Club Origami
If you’ve ever underestimated the power of paper, Club Origami will gently crumple that assumption, fold it into a crane, and launch it into the air with a wink and a twirl. Presented by Sydney Dance Company and Seven Circles as part of QPAC’s Out of the Box festival, this delightful show for little ones (and their grown-up guardians) is part contemporary dance and music, part interactive art installation, and entirely enchanting.
The experience begins in an unadorned space filled with an expectant audience. Soon, the soft lighting, dancers’ open faces, and their simple paper folds ease even the most distractible toddlers into a state of curiosity. The performers wordlessly invite the audience to create their own origami shapes, offering children the first taste of this world where imagination is the only blueprint.
Once everyone’s creations have been collected, Club Origami quite literally unfolds into something much bigger. The audience is led into a second, larger space where paper becomes landscapes, animals, costumes, and characters. Dancers interact with origami creations to inspire the dance. A paper plane doesn’t just fly – it motivates arms to swoop, torsos to spiral, and bodies to tell stories that transcend language.
It’s a clever way to introduce very young audiences to contemporary dance, with the performers using familiar paper shapes as springboards for more abstract movement. The children aren’t expected to “understand” in a traditional sense; they’re simply swept up in the rhythm and flow, free to interpret and respond to the spectacle however they please.
The music, composed by Robert Howat, begins with gentle, ambient tones that calm the space, perfectly tuned to little ears and short attention spans. As the show crescendos, the tempo lifts and so do the spirits in the room – suddenly the theatre is a paper party, complete with toe-tapping beats and wild, whirling energy. It’s a transformation so gradual and well-earned that when the climax arrives, it feels like the most natural celebration in the world.
Set designer Ben Pacey and lighting designer Andy Finn deserve a gold star, presented of course in an origami box. The set is both minimal and magical – boxes hide gleaming lights, paper flows like fabric, and every element feels open to play.
The costumes, designed by Giulia Scrimieri, are another highlight. Inspired by the geometry and folds of origami itself, they are beautifully realised and serve as a visual bridge between the real and the imaginary. There’s a kind of wearable architecture at play – playful, textured, and brilliant in the way it reinforces the theme.

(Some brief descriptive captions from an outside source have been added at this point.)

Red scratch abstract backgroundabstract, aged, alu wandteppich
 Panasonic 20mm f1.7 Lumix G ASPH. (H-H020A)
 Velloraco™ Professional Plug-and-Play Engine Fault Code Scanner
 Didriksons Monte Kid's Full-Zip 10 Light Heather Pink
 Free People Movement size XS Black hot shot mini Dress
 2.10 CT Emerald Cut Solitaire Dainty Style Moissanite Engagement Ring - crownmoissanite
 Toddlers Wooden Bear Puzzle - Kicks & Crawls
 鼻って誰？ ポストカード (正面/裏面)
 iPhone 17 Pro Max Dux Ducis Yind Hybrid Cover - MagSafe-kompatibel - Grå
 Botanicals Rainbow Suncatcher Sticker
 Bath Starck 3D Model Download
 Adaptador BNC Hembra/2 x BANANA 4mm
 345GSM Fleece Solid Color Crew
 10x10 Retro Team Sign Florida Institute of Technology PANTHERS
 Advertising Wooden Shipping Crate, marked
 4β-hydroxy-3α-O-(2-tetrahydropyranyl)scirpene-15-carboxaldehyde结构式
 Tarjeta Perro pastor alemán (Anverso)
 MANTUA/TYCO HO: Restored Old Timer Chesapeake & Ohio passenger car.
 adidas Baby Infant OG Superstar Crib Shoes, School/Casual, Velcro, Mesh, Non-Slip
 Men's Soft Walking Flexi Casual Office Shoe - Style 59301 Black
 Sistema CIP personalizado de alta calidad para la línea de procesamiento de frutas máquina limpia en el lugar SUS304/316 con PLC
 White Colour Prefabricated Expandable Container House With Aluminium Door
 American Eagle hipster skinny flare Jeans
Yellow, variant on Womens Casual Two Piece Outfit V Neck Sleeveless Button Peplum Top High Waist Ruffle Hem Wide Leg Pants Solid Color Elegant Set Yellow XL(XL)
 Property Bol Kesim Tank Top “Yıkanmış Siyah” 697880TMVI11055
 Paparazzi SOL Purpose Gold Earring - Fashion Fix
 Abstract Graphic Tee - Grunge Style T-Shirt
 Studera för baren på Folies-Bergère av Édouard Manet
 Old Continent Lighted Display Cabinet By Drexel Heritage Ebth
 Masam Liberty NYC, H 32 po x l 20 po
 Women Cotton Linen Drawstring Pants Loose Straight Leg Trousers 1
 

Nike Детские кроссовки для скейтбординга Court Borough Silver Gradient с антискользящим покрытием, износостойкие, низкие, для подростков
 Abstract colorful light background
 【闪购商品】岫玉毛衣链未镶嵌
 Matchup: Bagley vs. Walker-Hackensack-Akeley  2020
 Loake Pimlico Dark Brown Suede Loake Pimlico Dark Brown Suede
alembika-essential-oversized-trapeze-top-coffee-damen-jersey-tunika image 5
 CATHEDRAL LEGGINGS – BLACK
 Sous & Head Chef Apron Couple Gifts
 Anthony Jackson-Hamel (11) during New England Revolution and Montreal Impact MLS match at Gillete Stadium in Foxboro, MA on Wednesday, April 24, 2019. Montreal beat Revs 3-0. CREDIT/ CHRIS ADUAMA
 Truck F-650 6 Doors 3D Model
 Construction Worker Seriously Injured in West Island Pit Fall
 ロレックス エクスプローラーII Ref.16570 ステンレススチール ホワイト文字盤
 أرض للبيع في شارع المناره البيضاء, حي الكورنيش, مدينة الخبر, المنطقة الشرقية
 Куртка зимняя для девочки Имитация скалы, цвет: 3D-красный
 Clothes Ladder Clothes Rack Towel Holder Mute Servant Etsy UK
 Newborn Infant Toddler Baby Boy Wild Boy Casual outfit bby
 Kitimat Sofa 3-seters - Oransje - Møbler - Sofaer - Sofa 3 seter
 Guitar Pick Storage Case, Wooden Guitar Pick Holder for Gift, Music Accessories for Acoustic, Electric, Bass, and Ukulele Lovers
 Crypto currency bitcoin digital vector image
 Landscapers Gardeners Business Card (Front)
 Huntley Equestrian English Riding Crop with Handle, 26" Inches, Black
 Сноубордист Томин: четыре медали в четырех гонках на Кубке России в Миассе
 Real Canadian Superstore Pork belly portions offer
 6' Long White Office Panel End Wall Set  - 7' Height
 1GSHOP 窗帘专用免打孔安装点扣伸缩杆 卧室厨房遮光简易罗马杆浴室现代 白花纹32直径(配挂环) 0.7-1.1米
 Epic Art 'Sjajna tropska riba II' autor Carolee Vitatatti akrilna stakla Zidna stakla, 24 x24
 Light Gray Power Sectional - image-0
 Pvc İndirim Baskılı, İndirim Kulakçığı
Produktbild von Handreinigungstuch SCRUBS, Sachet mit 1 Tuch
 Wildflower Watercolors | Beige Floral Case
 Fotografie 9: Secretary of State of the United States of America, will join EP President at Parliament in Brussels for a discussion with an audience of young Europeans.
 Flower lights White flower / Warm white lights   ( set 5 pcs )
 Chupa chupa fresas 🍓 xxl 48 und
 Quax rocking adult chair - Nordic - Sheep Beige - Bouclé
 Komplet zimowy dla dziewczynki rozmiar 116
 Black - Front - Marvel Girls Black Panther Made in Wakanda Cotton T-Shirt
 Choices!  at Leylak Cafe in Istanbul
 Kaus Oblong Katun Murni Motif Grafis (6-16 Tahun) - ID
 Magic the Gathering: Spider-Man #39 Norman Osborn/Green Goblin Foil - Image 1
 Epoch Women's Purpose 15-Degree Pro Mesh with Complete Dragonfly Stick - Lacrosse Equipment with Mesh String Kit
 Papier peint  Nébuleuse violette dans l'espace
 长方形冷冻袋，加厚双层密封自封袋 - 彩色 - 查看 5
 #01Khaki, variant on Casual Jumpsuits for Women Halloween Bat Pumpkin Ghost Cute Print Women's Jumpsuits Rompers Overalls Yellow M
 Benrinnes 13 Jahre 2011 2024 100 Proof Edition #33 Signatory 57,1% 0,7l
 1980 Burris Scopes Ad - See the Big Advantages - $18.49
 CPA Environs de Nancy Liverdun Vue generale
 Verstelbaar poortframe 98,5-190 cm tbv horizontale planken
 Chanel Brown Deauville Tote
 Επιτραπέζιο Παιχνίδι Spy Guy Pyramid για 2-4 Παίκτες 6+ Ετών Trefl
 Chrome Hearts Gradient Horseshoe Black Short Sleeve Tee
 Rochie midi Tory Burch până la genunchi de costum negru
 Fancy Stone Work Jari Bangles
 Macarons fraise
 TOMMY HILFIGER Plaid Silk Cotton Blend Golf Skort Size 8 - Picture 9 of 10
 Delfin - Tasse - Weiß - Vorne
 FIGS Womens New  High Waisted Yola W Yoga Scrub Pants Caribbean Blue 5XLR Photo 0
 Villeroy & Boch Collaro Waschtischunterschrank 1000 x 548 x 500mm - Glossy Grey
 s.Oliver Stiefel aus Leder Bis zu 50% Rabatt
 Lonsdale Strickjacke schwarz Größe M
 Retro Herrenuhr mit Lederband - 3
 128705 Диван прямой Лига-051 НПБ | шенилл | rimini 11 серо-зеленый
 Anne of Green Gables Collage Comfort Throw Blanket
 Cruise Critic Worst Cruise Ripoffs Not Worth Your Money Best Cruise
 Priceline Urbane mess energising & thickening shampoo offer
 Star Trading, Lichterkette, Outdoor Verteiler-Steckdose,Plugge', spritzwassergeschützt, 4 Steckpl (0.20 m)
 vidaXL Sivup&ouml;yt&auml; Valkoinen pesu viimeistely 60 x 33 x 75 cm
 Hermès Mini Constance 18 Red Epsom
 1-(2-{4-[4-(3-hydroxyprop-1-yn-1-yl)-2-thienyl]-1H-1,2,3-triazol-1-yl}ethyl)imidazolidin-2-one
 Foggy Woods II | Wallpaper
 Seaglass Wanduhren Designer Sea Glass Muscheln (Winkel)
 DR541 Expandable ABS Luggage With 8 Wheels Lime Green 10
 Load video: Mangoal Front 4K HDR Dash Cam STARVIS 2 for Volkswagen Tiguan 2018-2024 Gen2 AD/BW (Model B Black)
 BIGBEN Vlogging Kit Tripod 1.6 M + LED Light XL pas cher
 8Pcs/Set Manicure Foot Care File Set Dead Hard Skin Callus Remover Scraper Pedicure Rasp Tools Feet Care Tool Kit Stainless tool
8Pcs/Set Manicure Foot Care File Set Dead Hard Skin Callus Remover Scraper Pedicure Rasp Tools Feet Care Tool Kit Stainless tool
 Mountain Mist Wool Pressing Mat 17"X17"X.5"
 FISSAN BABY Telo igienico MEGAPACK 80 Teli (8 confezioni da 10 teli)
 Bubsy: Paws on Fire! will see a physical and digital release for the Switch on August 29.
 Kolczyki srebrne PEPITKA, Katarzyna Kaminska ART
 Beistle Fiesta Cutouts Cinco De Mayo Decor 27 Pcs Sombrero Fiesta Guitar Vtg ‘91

The cast (Ryuichi Fujimura, Reina Takeuchi, and Gabriel Fischer) are masterful in their ability to hold a room full of pre-schoolers in the palms of their hands. Their performance skills are first-rate, but it’s their warmth and sensitivity that truly shine. There’s an art to performing for such a mixed-age audience, and this trio absolutely nails it. They maintain a beautiful connection with children and adults alike, radiating a charisma that never overpowers but always invites.
The final moments of the show are nothing short of euphoric. Without giving too much away, let’s just say that paper truly takes flight. Watching the joy on the faces of the children – the wide eyes, the giddy grins, the unfiltered bliss – was enough to make this adult want to rewind the clock and relive it all as a three-year-old. It’s rare to see such unforced, authentic engagement in a performance space, and it was genuinely moving.
Club Origami is a gorgeous introduction to the world of live art for little ones. It’s a show that respects their intelligence, celebrates their creativity, and invites them to dance, imagine, and play. It’s clever, kind, and joyfully chaotic in all the right ways. For families looking to dip a toe into contemporary performance, this show isn’t just worth seeing – it’s a gift that might just fold itself into your child’s lifelong memory.